### Dataset records:
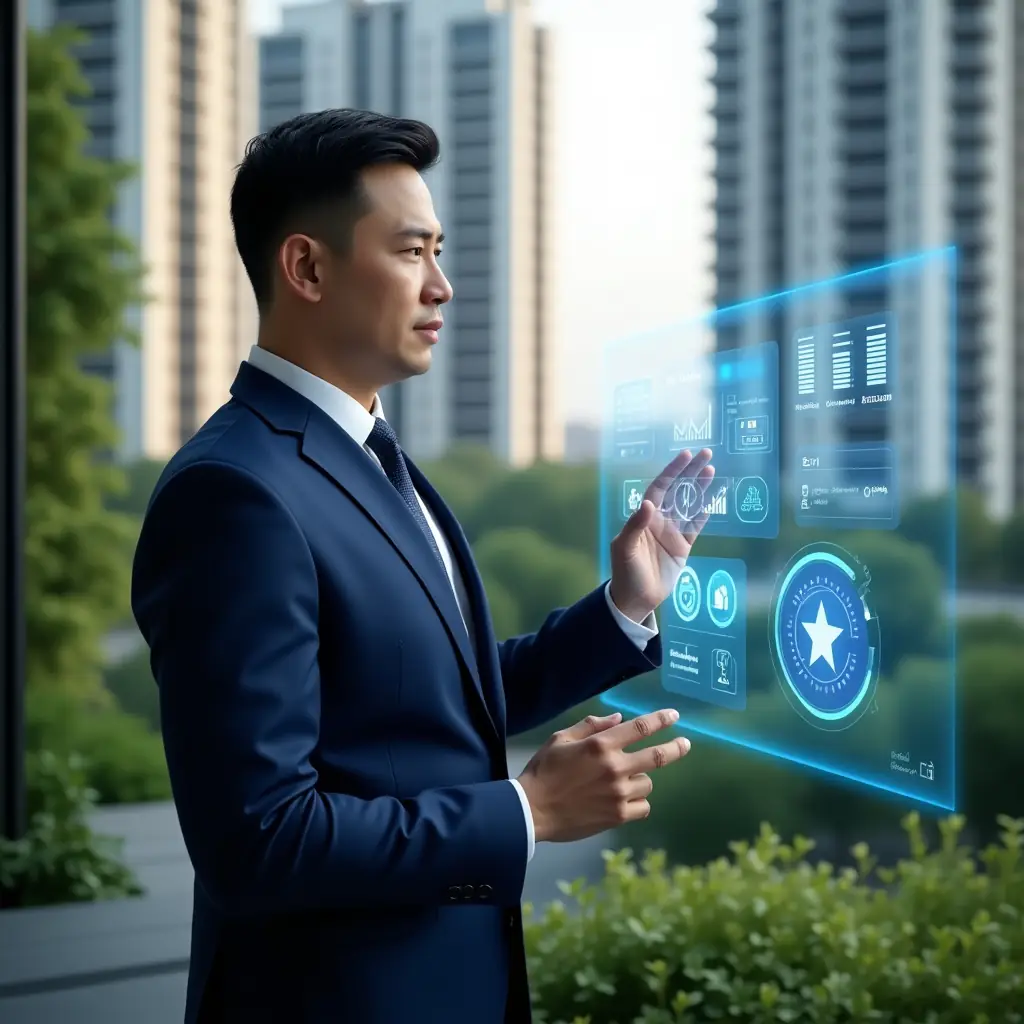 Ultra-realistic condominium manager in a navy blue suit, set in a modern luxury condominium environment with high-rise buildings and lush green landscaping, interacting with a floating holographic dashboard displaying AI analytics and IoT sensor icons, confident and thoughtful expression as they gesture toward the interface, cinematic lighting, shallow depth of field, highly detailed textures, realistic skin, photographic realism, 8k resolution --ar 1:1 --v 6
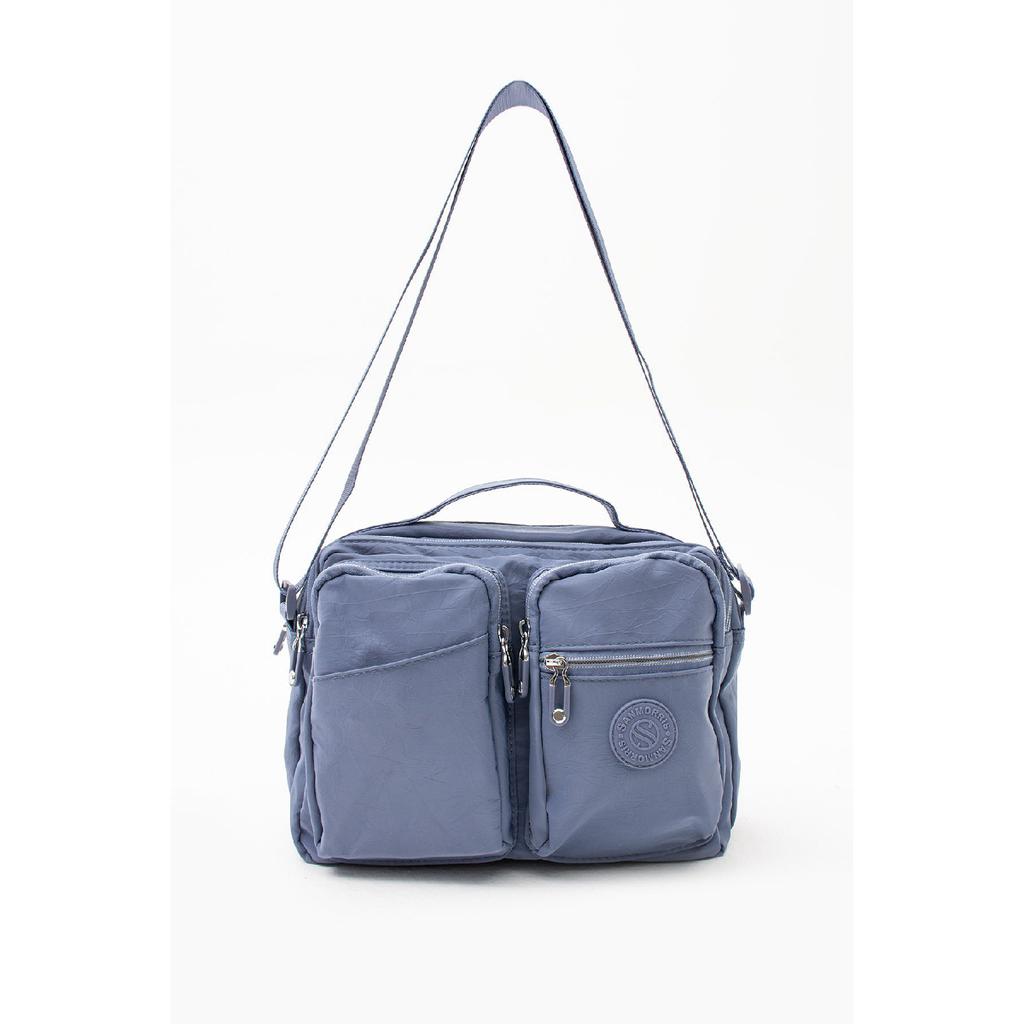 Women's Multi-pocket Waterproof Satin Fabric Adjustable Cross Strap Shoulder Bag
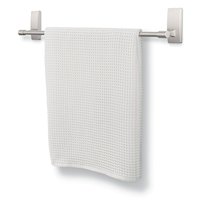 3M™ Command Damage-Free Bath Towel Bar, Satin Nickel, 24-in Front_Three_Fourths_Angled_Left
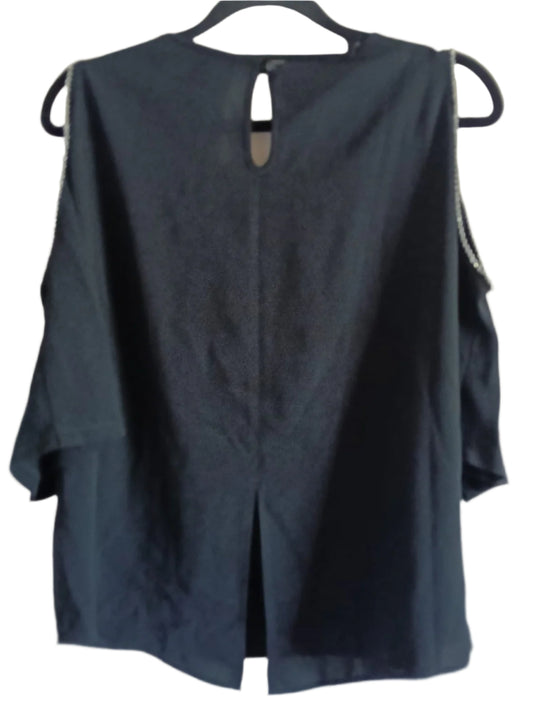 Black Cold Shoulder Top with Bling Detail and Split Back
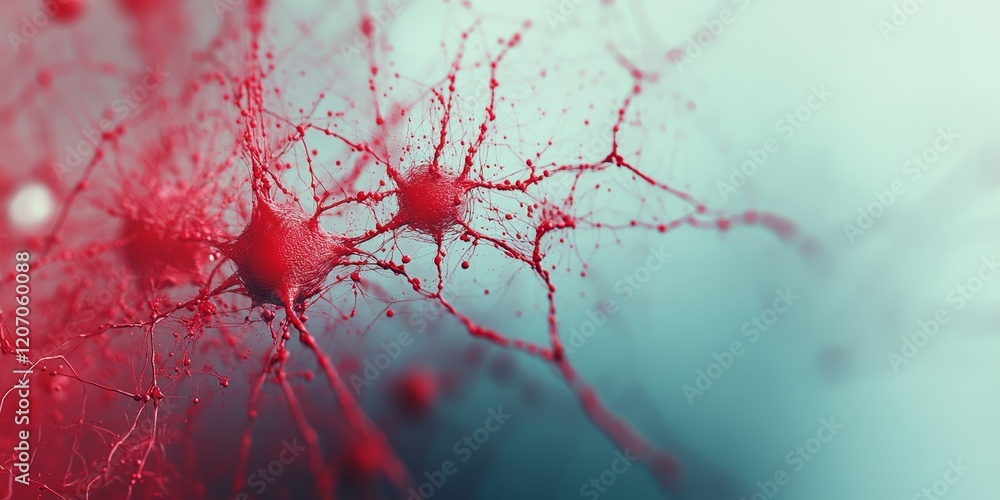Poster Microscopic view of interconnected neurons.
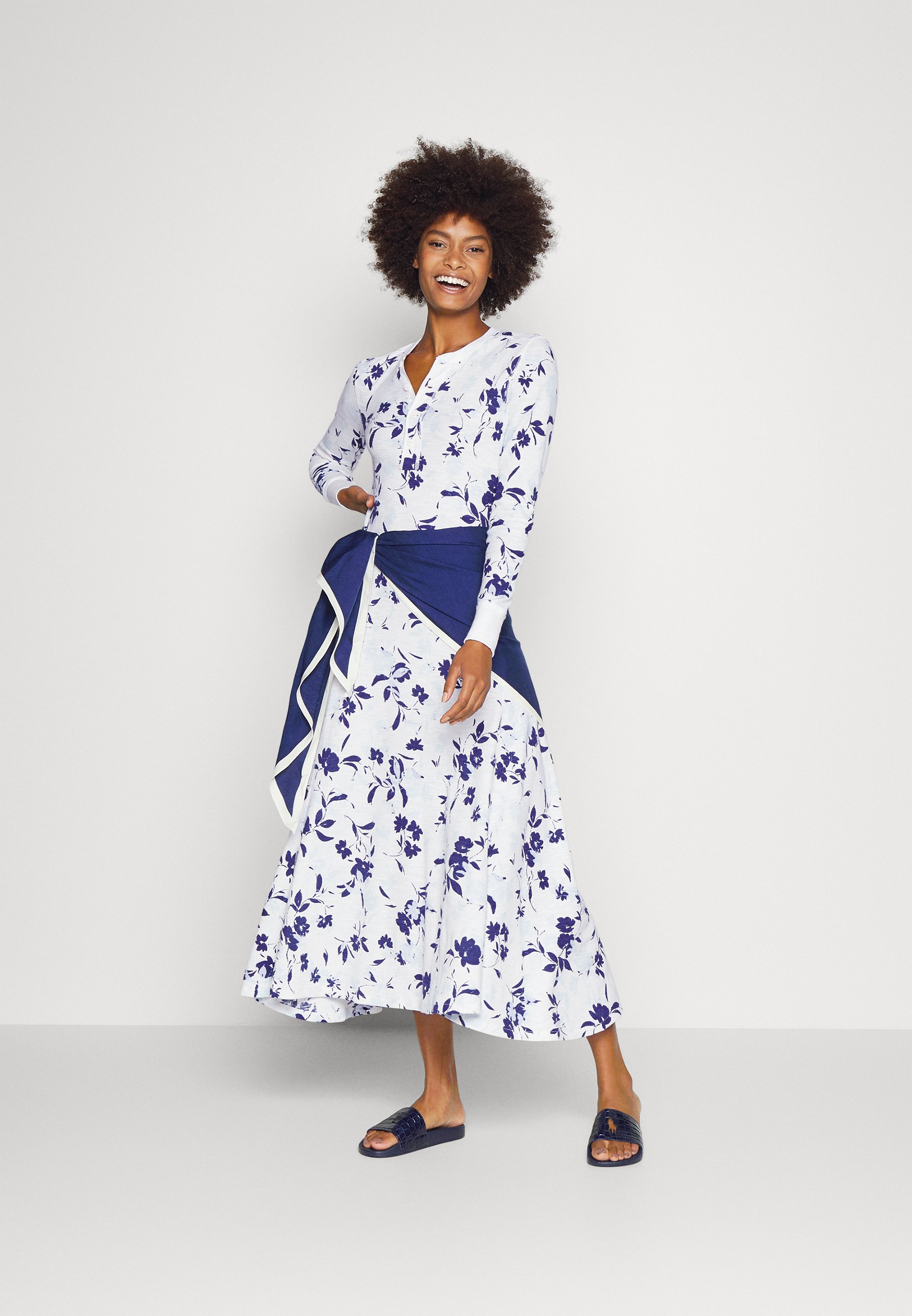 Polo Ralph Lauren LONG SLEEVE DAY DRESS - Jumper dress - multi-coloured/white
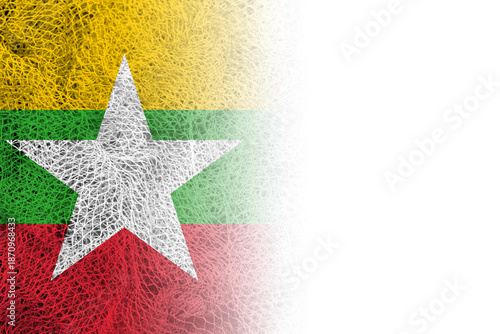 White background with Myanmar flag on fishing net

### Task details:
Once the pictures are set aside, give the rest of the material again unchanged.

### Answer section:
 Ultra-realistic condominium manager in a navy blue suit, set in a modern luxury condominium environment with high-rise buildings and lush green landscaping, interacting with a floating holographic dashboard displaying AI analytics and IoT sensor icons, confident and thoughtful expression as they gesture toward the interface, cinematic lighting, shallow depth of field, highly detailed textures, realistic skin, photographic realism, 8k resolution --ar 1:1 --v 6
 Women's Multi-pocket Waterproof Satin Fabric Adjustable Cross Strap Shoulder Bag
 3M™ Command Damage-Free Bath Towel Bar, Satin Nickel, 24-in Front_Three_Fourths_Angled_Left
 Black Cold Shoulder Top with Bling Detail and Split Back
Poster Microscopic view of interconnected neurons.
 Polo Ralph Lauren LONG SLEEVE DAY DRESS - Jumper dress - multi-coloured/white
 White background with Myanmar flag on fishing net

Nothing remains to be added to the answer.